SIWALIMA.id > Berita
Wamen ESDM & Gubernur Bahas Groundbreaking Blok Masela
Daerah , Headline | Selasa, 28 April 2026 pukul 14:32 WIT

AMBON, Siwalima.id - Mimpi masyarakat Maluku agar peng­em­bangan lapangan aba­di Blok Masela di Ka­bupaten Kepulauan Tanimbar semakin nyata.

Hal ini dibuktikan dengan kunjungan Wa­kil Menteri Energi dan Sumber Daya Mineral (Wamen ES­DM) Yuliot Tanjung yang menemui Guber­nur Maluku, Hendrik Lewerissa dengan salah satu agenda, membahas peletakan batu pertama atau groundbreaking proyek strategis nasional tersebut.

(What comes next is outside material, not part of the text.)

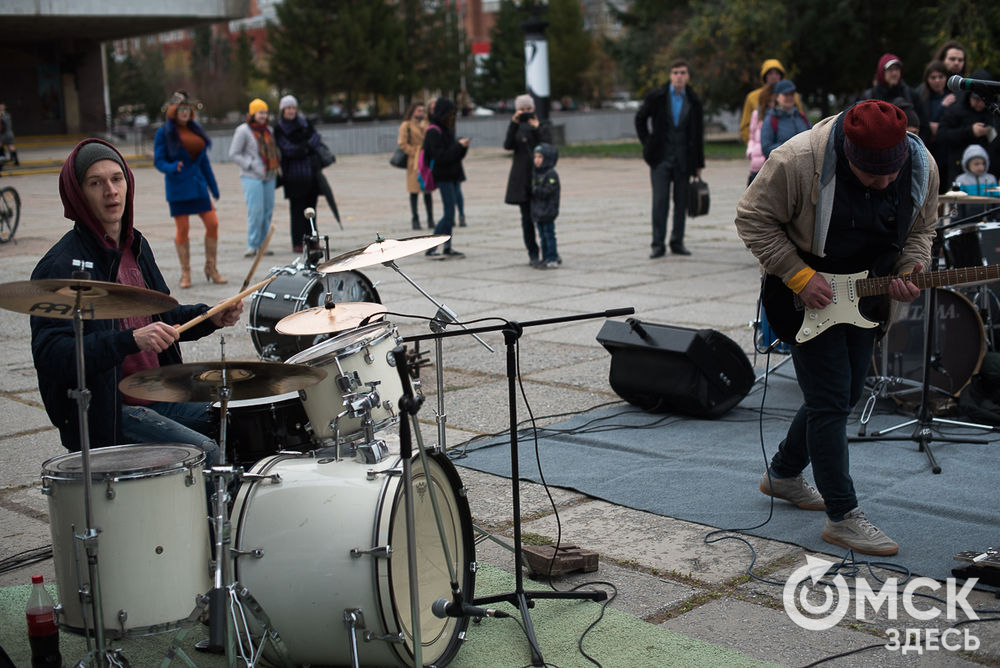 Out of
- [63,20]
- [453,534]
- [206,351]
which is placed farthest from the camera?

Usai pertemuan secara tertutup dengan Wamen ESDM, Gubernur mengungkapkan salah satu materi pembahasan dalam pertemuan tersebut menyangkut rencana groundbreaking yang diagendakan akan berlangsung di awal Mei nanti.

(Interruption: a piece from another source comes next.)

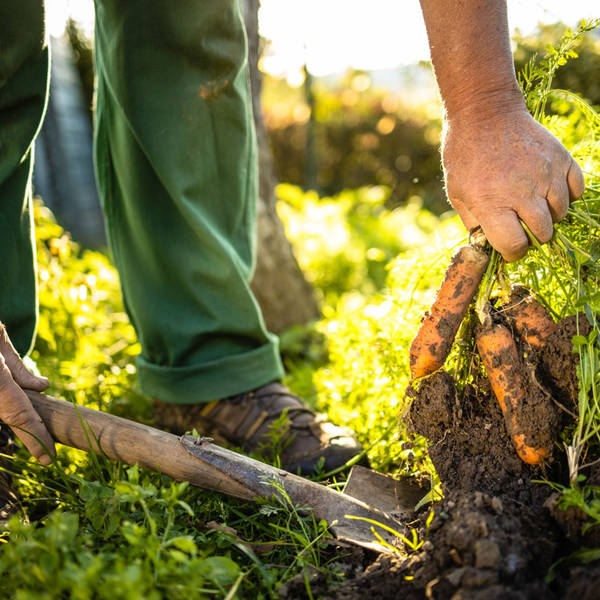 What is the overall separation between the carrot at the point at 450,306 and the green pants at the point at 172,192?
2.80ft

“Tadi pagi saya berkesempatan dengan wakil Menteri ESDM dan beliau datang membawa kabar gembira kepada kita di Maluku, pastikan groundbreaking akan dilakukan awal Mei nanti,” ucap Gubernur.

Untuk memastikan proses gro­und­breaking berjalan dengan lancar, Gubernur memastikan telah meminta tim terpadu Pena­nganan Dampak Sosial Kemas­yarakatan (PDSK) untuk menye­lesaikan persoalan lahan yang dibutuhkan untuk pembangunan Blok Abadi Masela.

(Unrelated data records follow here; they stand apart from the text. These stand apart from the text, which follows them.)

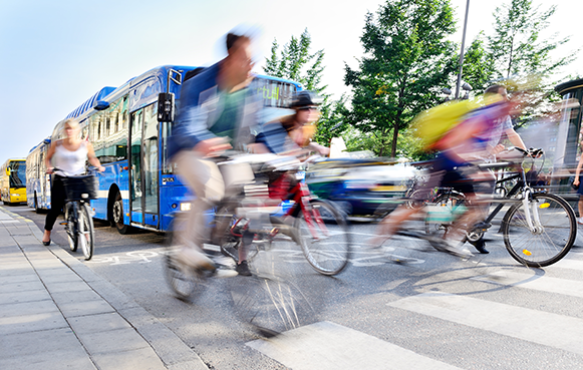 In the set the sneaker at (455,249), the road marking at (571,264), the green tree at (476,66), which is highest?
the green tree at (476,66)

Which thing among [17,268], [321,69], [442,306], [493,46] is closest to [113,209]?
[17,268]

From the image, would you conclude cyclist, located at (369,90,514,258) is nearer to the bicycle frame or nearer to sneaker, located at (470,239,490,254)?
the bicycle frame

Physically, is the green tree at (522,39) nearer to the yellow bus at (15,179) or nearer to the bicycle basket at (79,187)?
the bicycle basket at (79,187)

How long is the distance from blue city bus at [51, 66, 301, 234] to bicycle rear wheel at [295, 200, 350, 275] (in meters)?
2.78

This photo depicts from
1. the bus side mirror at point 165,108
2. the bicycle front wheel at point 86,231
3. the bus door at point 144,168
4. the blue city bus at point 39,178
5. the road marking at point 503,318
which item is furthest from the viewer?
the blue city bus at point 39,178

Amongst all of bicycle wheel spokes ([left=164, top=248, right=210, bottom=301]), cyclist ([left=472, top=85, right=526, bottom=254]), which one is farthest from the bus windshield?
cyclist ([left=472, top=85, right=526, bottom=254])

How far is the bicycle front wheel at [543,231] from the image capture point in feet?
15.1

Tim terpadu kata Gubernur telah bekerja untuk melakukan iden­tifikasi di lapangan guna memini­malisir hambatan terkait persoalan lahan yang dapat berdampak ada realisasi proyek yang menelan anggaran 350 Triliun tersebut.

Gubernur mengaku telah menyampaikan kepada Wamen ESDM terkait dengan besaran uang pengganti yang nantinya diba­yarkan kepada masyarakat yang selama ini telah berusaha diatas lahan dengan luas 662 hektar itu agar sesuai dengan tingkat ke­puasan.

“Saya tadi sampaikan kepada Wamen sebagian besar lahan yang akan digunakan untuk pengembangan Blok Abadi Masela ditempatkan orang-orang tua turun temurun di hutan dan kemudian negara mengklaim kawasan itu sebagai kawasan hutan apapun statusnya ini, tentu akan me­nim­bulkan benturan karena mereka merasa kita sudah menguasai tanah sebelum adanya negara ini ada dan kalau mau dipakai oleh pemerintah strategis nasional maka harus dengan kompensasi yang wajar,” ucap Gubernur.

Bahkan Gubernur mengaku telah telah berbicara dengan Presiden INPEX sebagai kontraktor yang akan mengelola Blok Masela agar jangan sampai kompensasi kepada masyarakat itu menjadi hambatan dalam pengembangan proyek ini

“Investasi proyek ini mencapai 350 triliun yang cukup besar, jangan soal kompensasi kepada masyarakat menjadi penghambat karena itu saya minta kompensasi harus mendekam kepuasaan masyarakat disana juga,” tegas Gubernur.

Politisi Gerindra Maluku ini memastikan wakil menteri ESDM berada dalam satu visi yang masa dengan pemerintah provinsi Maluku bahwa kepentingan negara maupun kepentingan investor harus diakomodasi sejalan dan seiring dengan kepentingan masyarakat setempat.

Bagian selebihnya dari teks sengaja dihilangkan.